Apex tech wants to make cycling safer

Apex Technologies wants to save lives, and they plan to do that by getting motorcycle owners to wear their helmets. The two co-founders made their case to a room full of innovators and business people at the April GAIN Luncheon and offered a vision of a helmet with enough extra utility and technological safety features that riders would want to put it on.

Alejandro Ruperti and Daniel Perez said that they were where they are now because they’ve lost loved ones to motorcycle accidents. “There’s no such thing as a seatbelt or an airbag for a motorcycle, and we’ve set out to try to find a solution.”

Apex’s approach is two-fold: first, the two have developed an app for smartphones that utilizes existing technology to register sudden impacts or stops and notify emergency services, and second, they have developed a Bluetooth add-on for helmets that provides audio functionality and the ability to answer calls while riding.

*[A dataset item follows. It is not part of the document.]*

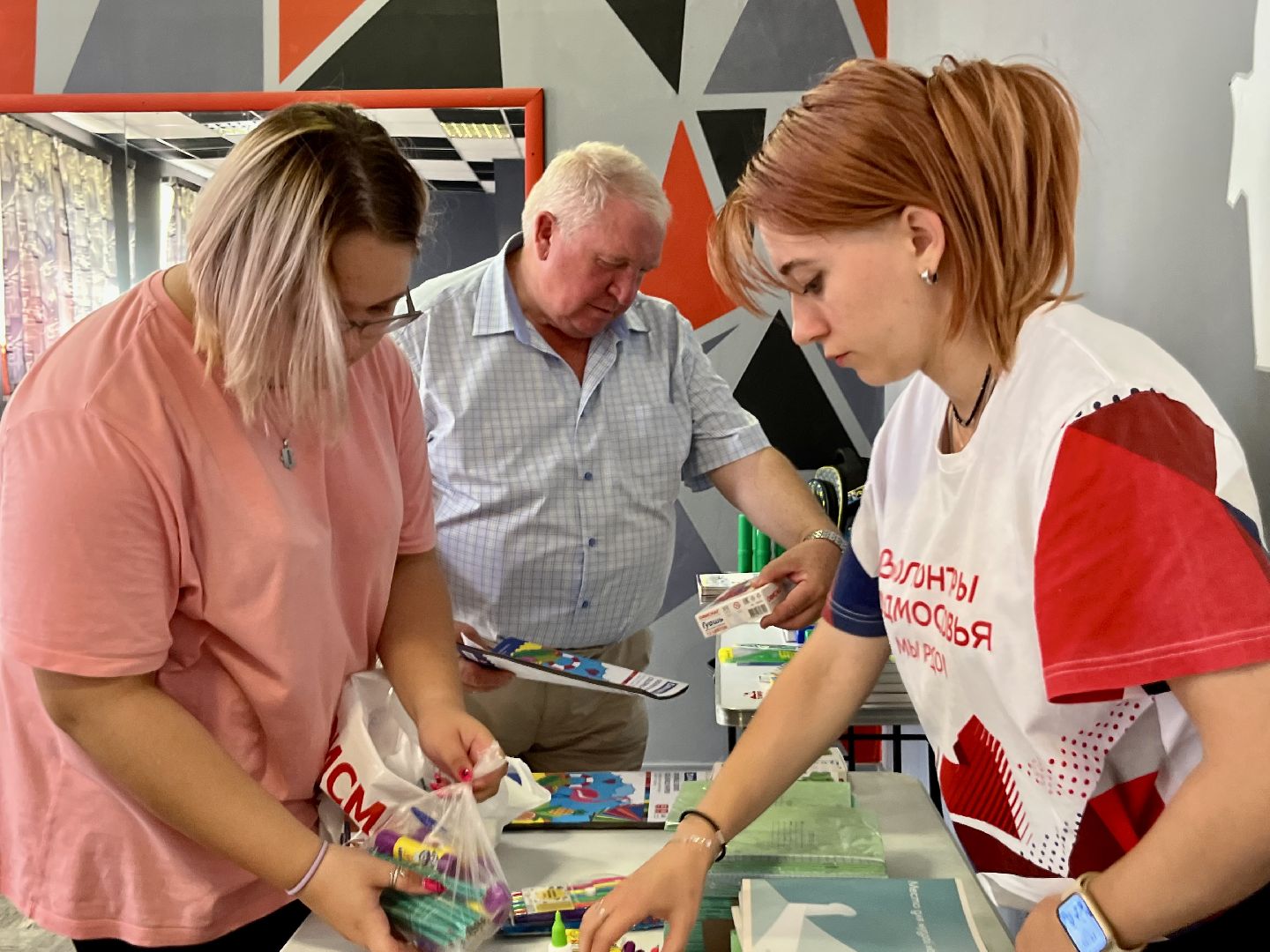 Наро-Фоминск, доброе дело школьникам Донбасса, собери ребёнка в школу, дети Донбасса, День знаний, благотворительная акция, Александр Барановв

The X-1 helmet attachment is made up of a throat microphone, chosen because it cuts out the noise of the road, and an bone-conducting audio exciter, which allows the user to hear music or a speaker without sacrificing their hearing input, which can be essential to safety on the road. The two chose Bluetooth because they found that it was already a widely adopted technology in rider circles and they have made sure that the unit can be retrofitted to any helmet.

The unit is connected to the Safety Net app, which is designed to minimize the time between an accident and an emergency response by utilizing smartphone technology like text messaging, GPS and screen orientation technology to register when riders experience trauma, rapid deceleration or turn too sharp and send a distress call after a preset timer ticks down, even if the rider is unconscious. Response times vary, Ruperti said, and the biggest limiting factor is the time it takes for the person to call 911. 10 to 15 percent of riders have accidents on their own, he said, and on backroads riders can’t count on a good Samaritan to come along.

It also allows riders to log medical issues and allergy alerts for emergency services, program the app to ignore texts and send an auto-response, and map trips for review later.

“We’re trying to get users to wear their helmets,” Ruperti said. “The survival rate goes up 37 percent for riders wearing helmets who get into accidents and brain damage chances are reduced by 67 percent.”

Two competing technologies, he said, fall short. One only allows the phone to message a preselected contact and the other is essentially LoJack. Safety Net is useful across a variety of situations, Ruperti said, whether riders are out skiing or on an ATV. Once the two have a positive cash flow, they plan to transplant the technology into more use cases, like bicycle helmets.

The two have launched a $15,000 IndieGogo campaign to finance their first set of units and to gain traction with insurance providers by showing that there is an interest in the technology. The app will become available after the campaign, and they hope to manufacture as much of the hardware in the area as they can.